HaaS – Hadoop-as-a-Service

This is a 3 min read

Realising Big Data platforms using Hadoop is becoming an easier decision by the day for today’s enterprises. As soon as the outcome of a technical due diligence indicates that going “data driven with Big Data” is the going to make a positive impact (amongst other apprehensions), immediate option that pops out is Hadoop.

Hadoop-as-a-Service (HaaS) is generally referred to Hadoop in the cloud, a handy alternative to on-premise Hadoop deployments for organisations with overwhelmed data centre administrators that need to incorporate Hadoop but don’t have the resources to do so. So what’s the natural decision cycle enterprise has to go through.

 Here comes the torment of choice,

 

Screen Shot 2014-09-11 at 8.37.57 pm

The basic challenge of employing Hadoop is setting up and managing a Hadoop cluster and doing it efficiently and in a cost effective manner is largely unachievable for small and medium sized enterprises. It is more economical to do this in house for large-scale data driven companies like Yahoo or Facebook. As you can see in the figure above for smaller enterprises and startups it is easier to have a data platform set if they go with option 2 or 3. Beware but these 2 options may be limited and you might want to check out what use cases are covered by each of these offerings. There are many HaaS providers and here is a good article on how to choose the best HaaS offerings for your requirements.

 # Enter HaaS

In fact options 2 and 3 aren’t too very different ones because both these options take Apache versions of Hadoop, customise it a bit to suit enterprise needs, add bells and whistles (newer open source add-ons) which makes things easier for provisioning a Hadoop cluster and deploying solutions atop. Major differences between offerings 2 and 3 are the level of abstraction for the end users and may be the types of use cases supported.
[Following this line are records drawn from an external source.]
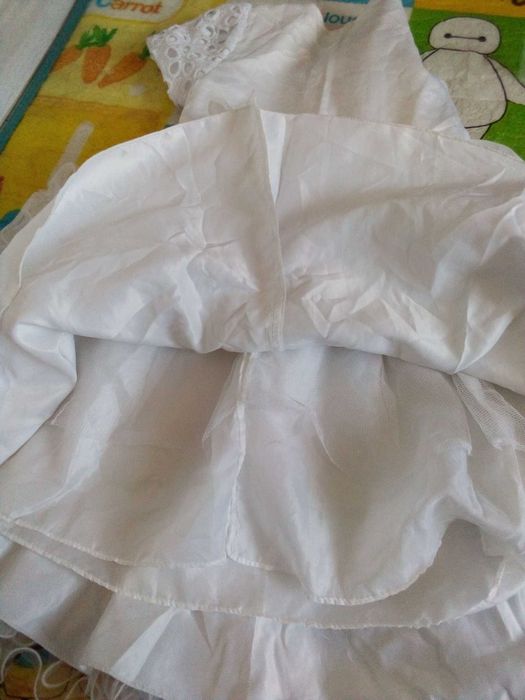 Платье праздничное для девочки 5-7  лет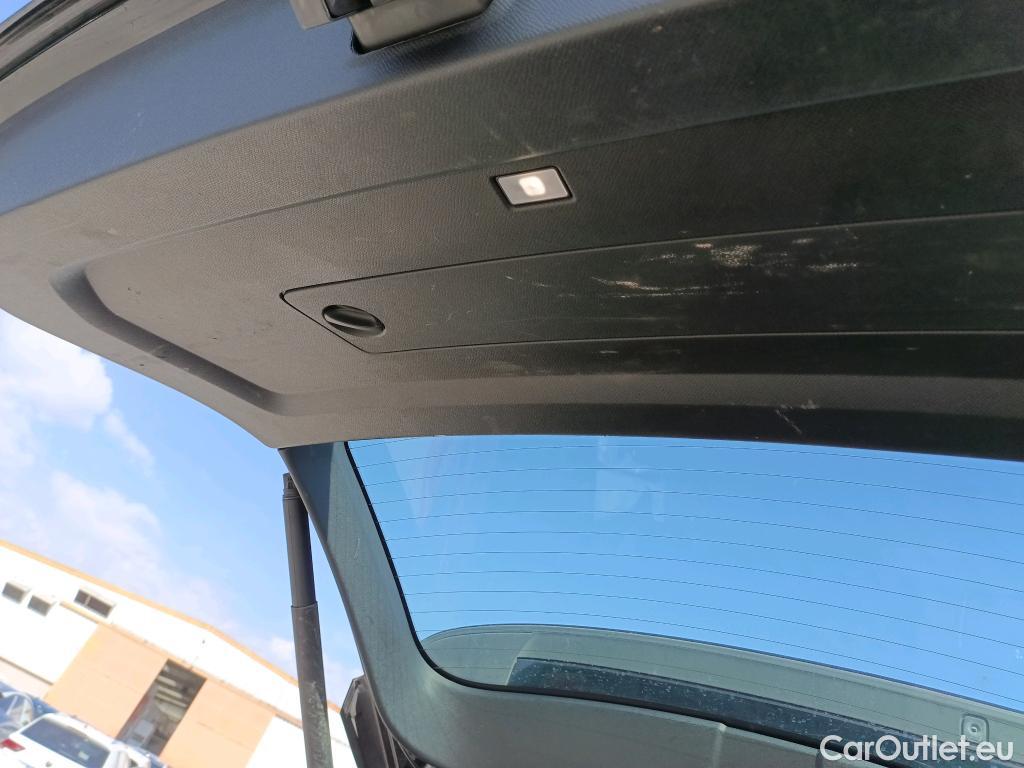  Volvo  XC90 VOLVO  / 2019 / 5P / todoterreno 2.0 B5 D AWD Momentum Auto #8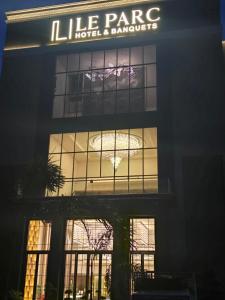 Zdjęcie z galerii obiektu LE PARC HOTEL & BANQUETS BAREIlLY w mieście Jāmb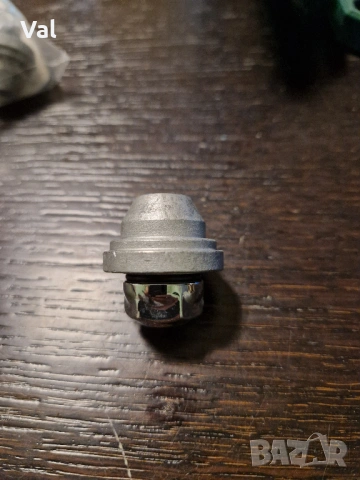 Оригинални секретни гайки за Хюндай и Киа, снимка 7 - Аксесоари и консумативи - 54221206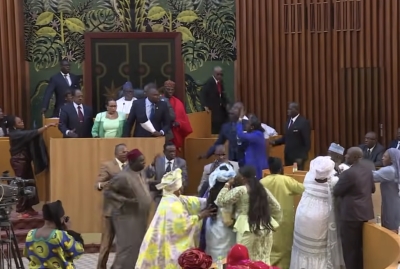 Bagarres au parlement sénégalais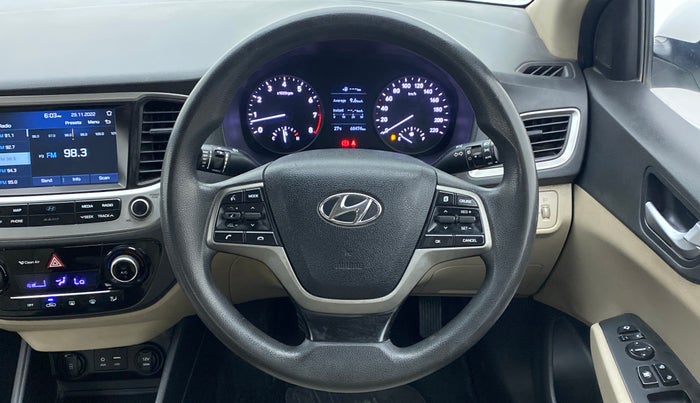 2018 Hyundai Verna 1.6 SX VTVT, Petrol, Manual, 68,474 km, Steering Wheel Close Up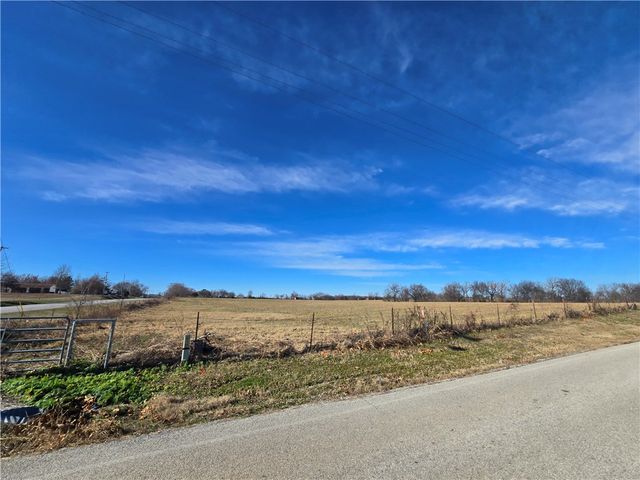 1044 AR-102, Decatur, AR 72722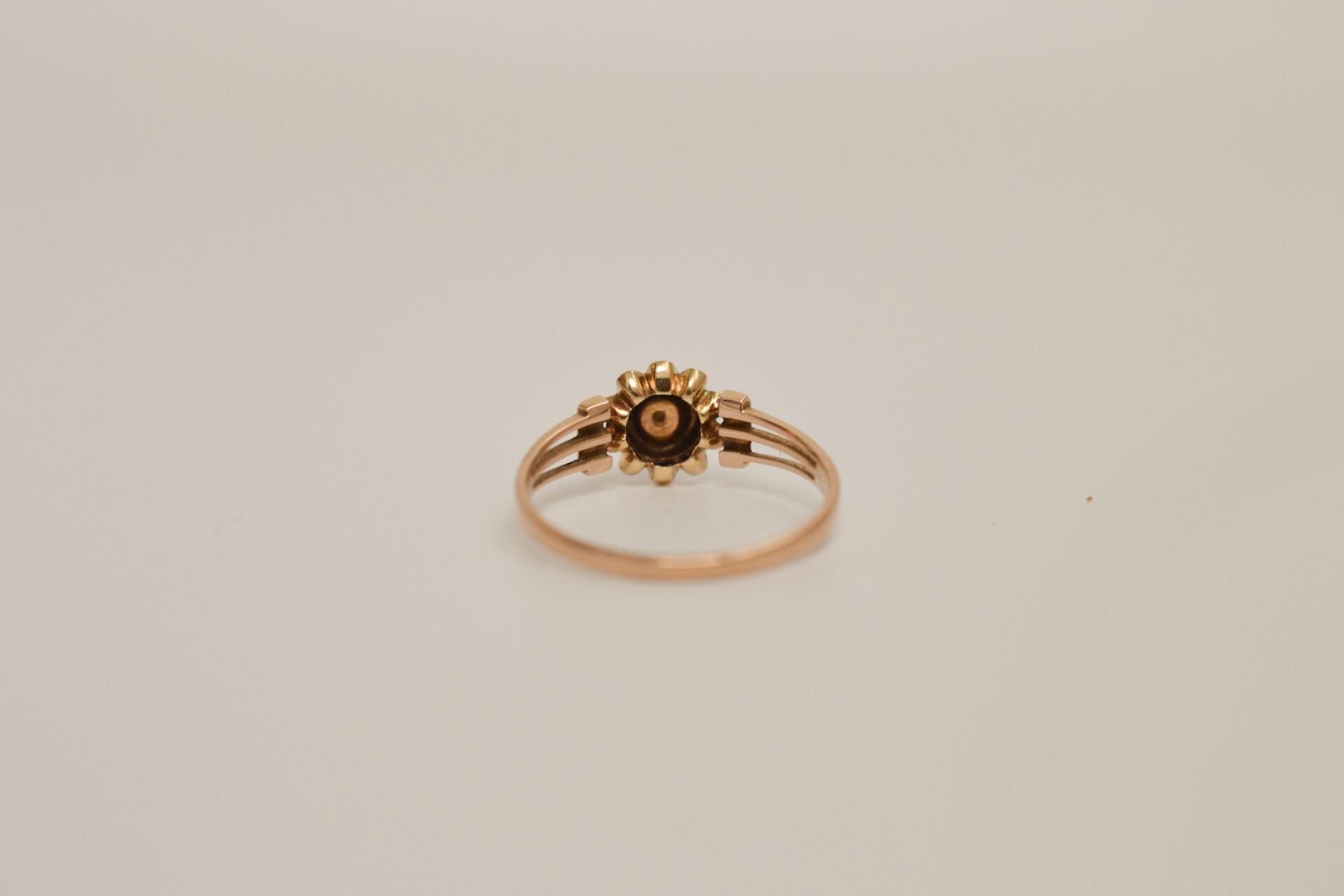 Bague Fleur ornée d'une Perle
For instance, The Amazon Web Services ElasticMapReduce would be an example of a basic platform service offering a rudimentary Hadoop ecosystem. The Qubole Data Service (QDS), for example, is an example of a comprehensive software-like Hadoop service that provides a complete Hadoop stack with front-end They just come with a simple GUI for users through which they can play with any Hadoop flavour. Hadoop flavour depends on which HaaS solution you are going with.

While there are many offerings under option 2 I tried the most accessible and free to try (no credit card required) offering from qubole.com. It comes with pay as you go and bulk payment options.

# The experiment

  1. I signed up in Qubole.com and I got myself an AWS free tier account (credit card required).
  2. In AWS console, I used the IAM link to create test user with admin access policy. This will give you a AWS account key and secret.
  3. Qubole.com requests you to link your AWS account by entering you AWS key/secret for both S3 and EC2 along with the AWS region you are setup and S3 Bucket name.

Screen Shot 2014-09-11 at 8.10.28 pm

 

That’s it you are all set.

  • You could use the data wizard under ‘Analyze’ section create external hive tables pointed to the files in S3 buckets.
  • You could generate and run queries using the Smart query wizard under the ‘SmartQuery’ section with few clicks.
  • You could start a 2 node (default) cluster with a click of a button and schedule custom MapReduce jars with input data from S3.
  • As you could see from my homepage history i have tried them all.